Extracted records
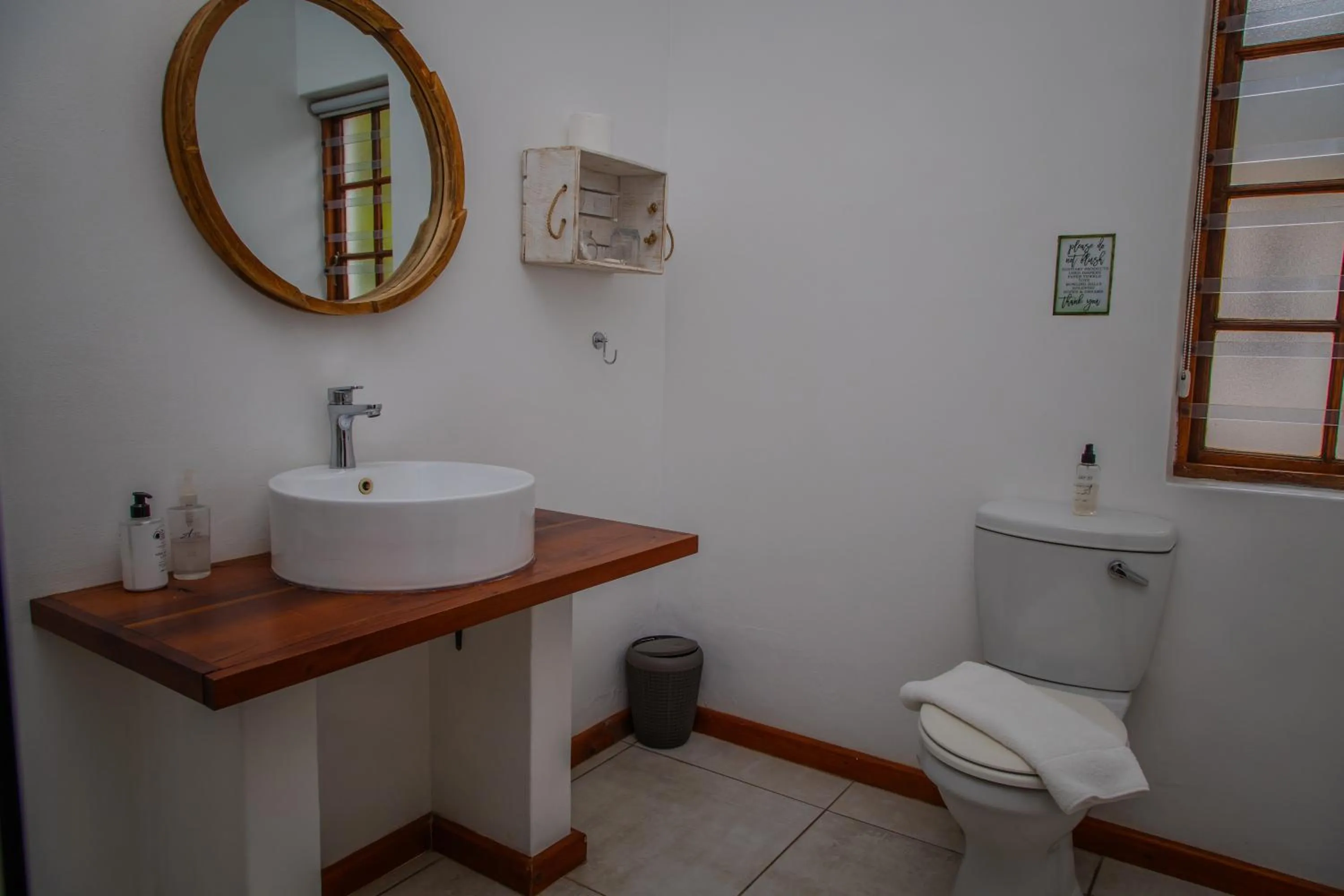 Toilet in Aan de Oever Guesthouse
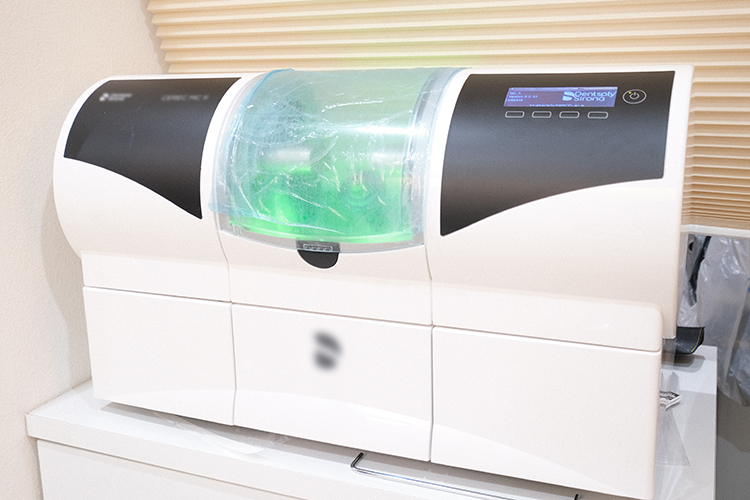 下北沢チャームデンタルクリニック 世田谷区 一般歯科から審美面に配慮した治療まで幅広く対応する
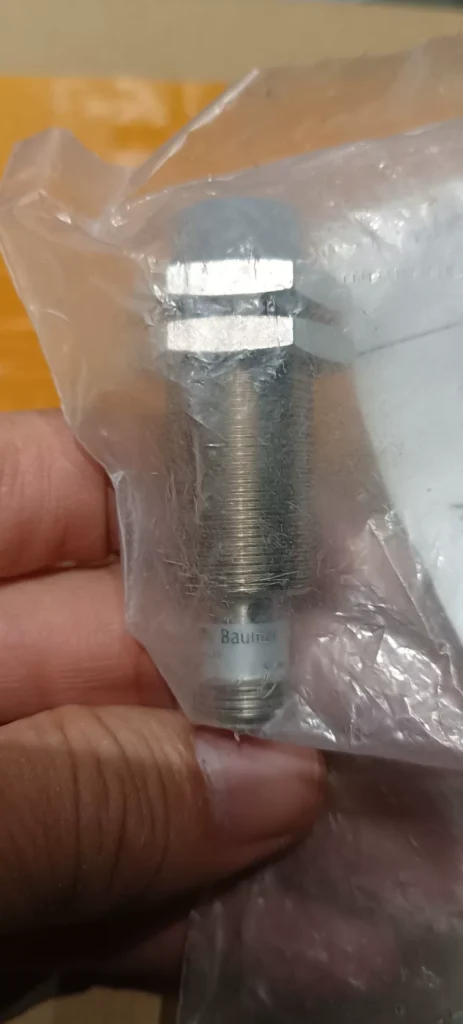 Baumer IR18.P15S-11149133 Proximity Sensor thumbnail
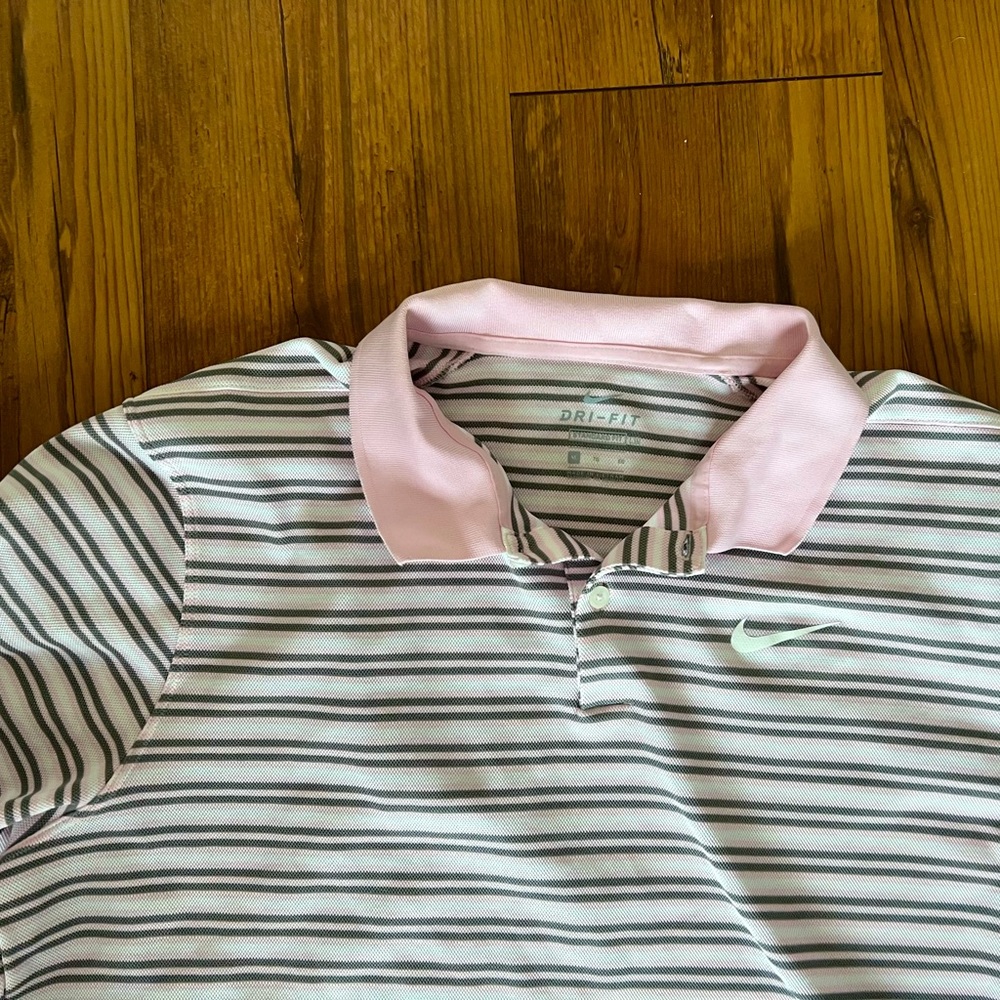 Nike Dri-Fit Short Sleeve Shirt - Picture 3 of 8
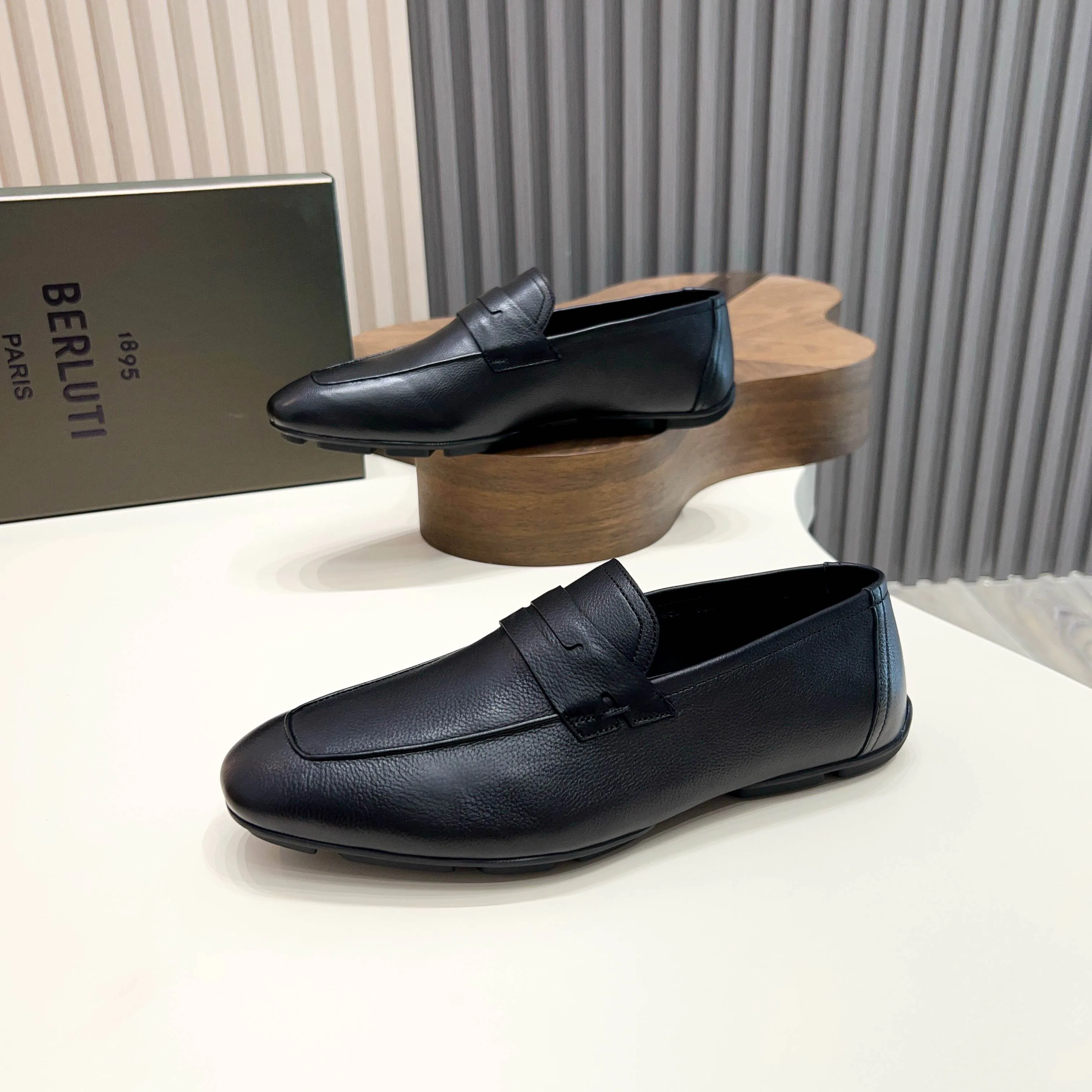 Men's Loafers And Dress Shoes BERLUTI 17715967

■ **About this exercise**:
The records above are to be restated exactly, with all pictures omitted.

■ **Response area**:
 Toilet in Aan de Oever Guesthouse
 下北沢チャームデンタルクリニック 世田谷区 一般歯科から審美面に配慮した治療まで幅広く対応する
 Baumer IR18.P15S-11149133 Proximity Sensor thumbnail
 Nike Dri-Fit Short Sleeve Shirt - Picture 3 of 8
 Men's Loafers And Dress Shoes BERLUTI 17715967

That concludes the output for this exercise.